Indovina chi viene a cena
(di Patrizia Spinato)
L'idea era questa: a mesi dall'insediamento nella nuova casa avrei voluto festeggiare il fatto con i miei pochi ma buonissimi amici, una sorta di rituale benaugurale per il futuro, exploit dei vicini a parte. Magari approfittando dell'occasione per inaugurare, finalmente, il servizio di piatti che ancora dormiva (e a tutt'oggi dorme) il sonno dei giusti nel pensile sopra il frigo. E invece no. Mission impossible, il ritorno.
Be', non è poi così strano, direte voi. Non è facile riuscire a trovare una sera libera, stesso giorno stessa ora, per addirittura sette persone. Peggio ancora se una deve compiere un'ardua discesa dalle Alpi Orobiche, un'altra da quelle varesine, una deve infilarsi nella tangenziale sud nell'ora di rientro dei pendolari, una deve attraversare l'urbe in diagonale e le ultime due devono "soltanto" tentare il pericoloso guado di viale Monza nell'identica, drammatica fascia oraria.
Ma non sarà solo la prospettiva di un simile, periglioso periplo a far naufragare il mio ambizioso progetto, perché i guai, quelli seri, si materializzano nientemeno che al momento di mettere nero su bianco il menù. E che ci vorrà mai? domanda scettico chi legge, inarcando tutt'e due le sopracciglia. Va bene il momento di panico iniziale, ma poi?
Ma poi sfido chiunque a combinare qualcosa di dignitoso visto quanto segue. Con l'eccezione della più o meno onnivora sottoscritta e di L., bergamasca compagna di sventure, la situazione è questa:
R. è vegetariana per scelta morale; C. invece, povera lei, soffre di celiachia. E non è ancora finita. M.&A. si sono convertiti da mesi al regime vegano ultrabiologico. Adepti di stretta osservanza, non oserebbero nemmeno avvicinare alle loro caste labbra un prodotto confezionato con una carta non riciclata, sbiancata con candeggina, o colorata con un blasfemo prodotto industriale.
Sono proprio loro a propormi un menu con "pasta di farro bio, ragù di seitan bio e verdure bio, formaggio bio di latte-non-latte, frutta e verdura bio in quantità e per brindare vino-non-vino". Ovviamente bio.
Problema risolto, no?

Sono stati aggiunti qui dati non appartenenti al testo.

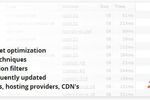 Google-mod_pagespeed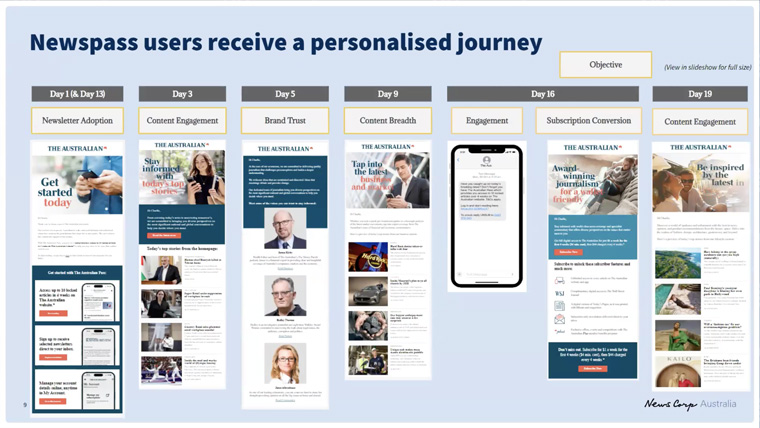 News Corp Australia's Newspass journey is curated like a win-back journey.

No, perché A. è a dieta secca, per giunta iperproteica, e visto quello che spende per farsi sbraitare ogni due giorni al telefono da un santone di bianco vestito ciò che può (o meglio, che non può) ingoiare, proprio non me la sento di. prenderla per la gola; non posso nemmeno dirle "consolati con le mele", citando il biblico titolo di Ruth Reichl, poiché, ahimè, nemmeno queste le sono consentite: a sentire l'Uomo in panna, l'apparentemente innocuo frutto è deleterio per il regime dimagrante, dato il suo altissimo indice glicemico.
Sant'iddio, che tristezza. Del resto, viviamo in un paese libero. Trovo a fatica le forze per rimettere al loro posto i miei libri di improbabili ricette fusion, e soprattutto le parole per proporre una seconda opzione: un'innocua "cerimonia del tè" in un calmo pomeriggio di domenica. Chi vuole mangia il poco che ci sarà, e chi non vuole.

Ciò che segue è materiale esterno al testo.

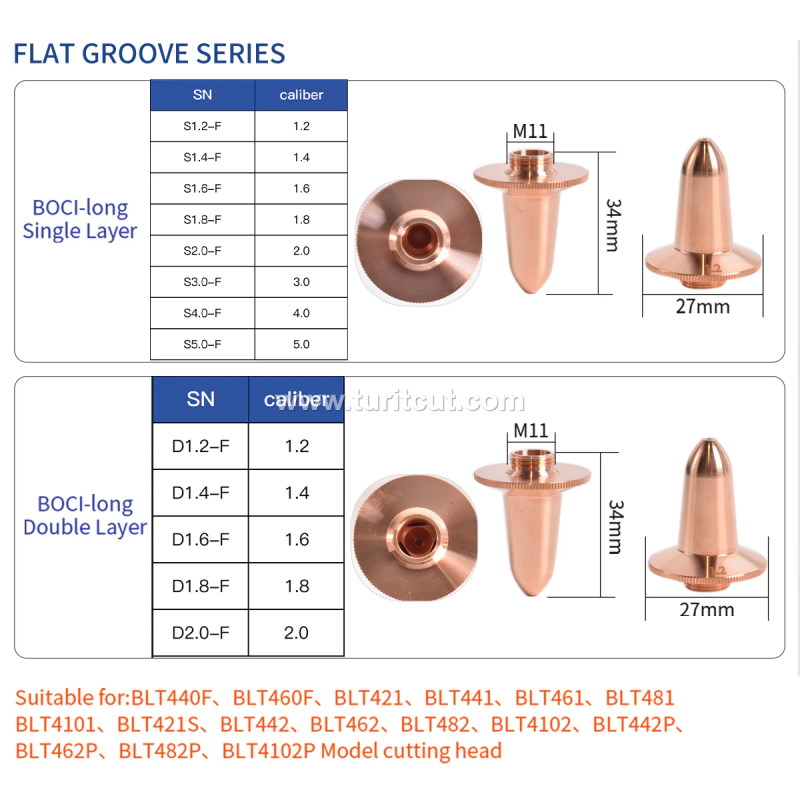 BOCI Original Laser Ceramic Nozzle Protective Windows Laser Sensor Connector Part for 1064nm Laser Cutting Head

Pia illusione. Sopravvengono: audizione per C., corso di sopravvivenza alimentare per A., crisi lavorativa per R., seminario di feng shui per M.&.A. (e visto che sono loro i "prof", chi osa fiatare?) e battesimo per L. Qualcuno estraneo ai fatti mi ha suggerito di trovarmi degli amici un po' più normali, ma che ci posso fare? Mi piacciono questi.
Alla fine, comunque, qualcosa si è fatto: un delizioso "tè nel deserto" nel senso più letterale: io e la mia tazza fumante sul futon di casa, lo sguardo vuoto e perso sul bianco panorama della periferia milanese, perché ero giusto riuscita a strappare un "sì" all'orobica quando, il giorno fissato per il suo arrivo, ci siamo svegliate con venti centimetri di neve per terra.